Stress doesn’t lead to success

by | Nov 7, 2011 | News

Maybe a corporate leader’s admission will encourage more openness about an issue which damages health, destroys morale and prevents high performance, says Simon Hayward from Cirrus in People Management.

Antonio Horta-Osorio, chief executive of Lloyds Banking Group, has announced he is taking time off as he is suffering from stress. Rather fittingly, or perhaps somewhat ironically, this was announced on National Stress Awareness Day.
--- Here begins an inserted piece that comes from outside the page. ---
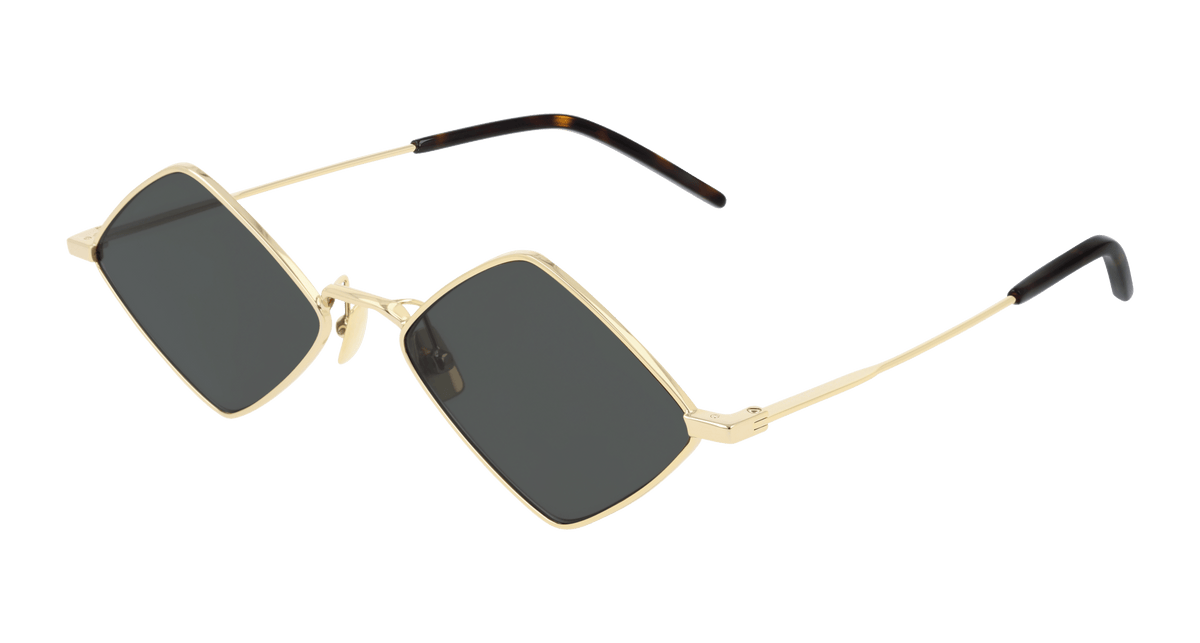 Saint Laurent SL 302 LISA Sunglasses - Gold / Grey (004)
It’s unusual for high-profile corporate leaders to admit they are suffering from stress. But why shouldn’t they? Stress is really damaging, and the prevailing culture that prevents many people admitting that stress affects them is detrimental to working life. Most of us would say we want to be part of positive, productive organisations – we want to feel engaged, we want to be motivated, and we want to enjoy work. When we feel this way, it’s good for us as individuals and good for the organisations we work for. When we don’t, we get stressed out.
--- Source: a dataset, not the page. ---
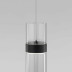 Подвесной светодиодный светильник Eurosvet Lumen 50244/1 Led черный/прозрачный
‘Stress’ is often viewed and dealt with in isolation. In reality, it’s usually part of a wider issue. The economic crisis has meant that most organisations are now trying to do ‘more for less’. As a result, many employees feel the need to work longer hours, often without increased recognition or reward. This can be a stressful situation and often will not lead to better results. Some employees fear speaking up because they worry about damaging their career prospects or even losing their jobs. A recent survey from mental health charity Mind found that 41% of workers feel stressed – and the same percentage feel stress is a taboo subject. So perhaps the Lloyds CEO’s openness about this issue will help to raise awareness about stress and the impact it can have.

Success doesn’t rely on long hours and unrealistic deadlines. Research demonstrates that the best-performing organisations tend to have highly engaged employees. These fortunate people tend not to be overly stressed because they are supported, empowered, and have a clear understanding of how their work contributes to the overall success of their organisation. Engaged people usually want to take on increased responsibility rather than feel they have to. Their leaders have created a compelling vision and a positive environment that they are keen to be a part of. Their increased contributions are recognised – and this recognition doesn’t always have to be financial. Most of us appreciate positive feedback, feeling valued and knowing we’ve contributed to the success of our teams and our organisations.

It’s very easy to cite research and describe a low-stress world of engaged, fulfilled employees. It is, of course, much harder to achieve in practice. So how can we do it? Well, often the best place to start is with conversation. Through something as simple yet powerful as dialogue we can connect to each other, explore issues, and share solutions.

Maybe a big corporate leader admitting that the stress of his job is just too much to cope with will help catalyse conversations about stress, and encourage more of us to be open about an issue which damages health, destroys morale and prevents us performing as well as we can.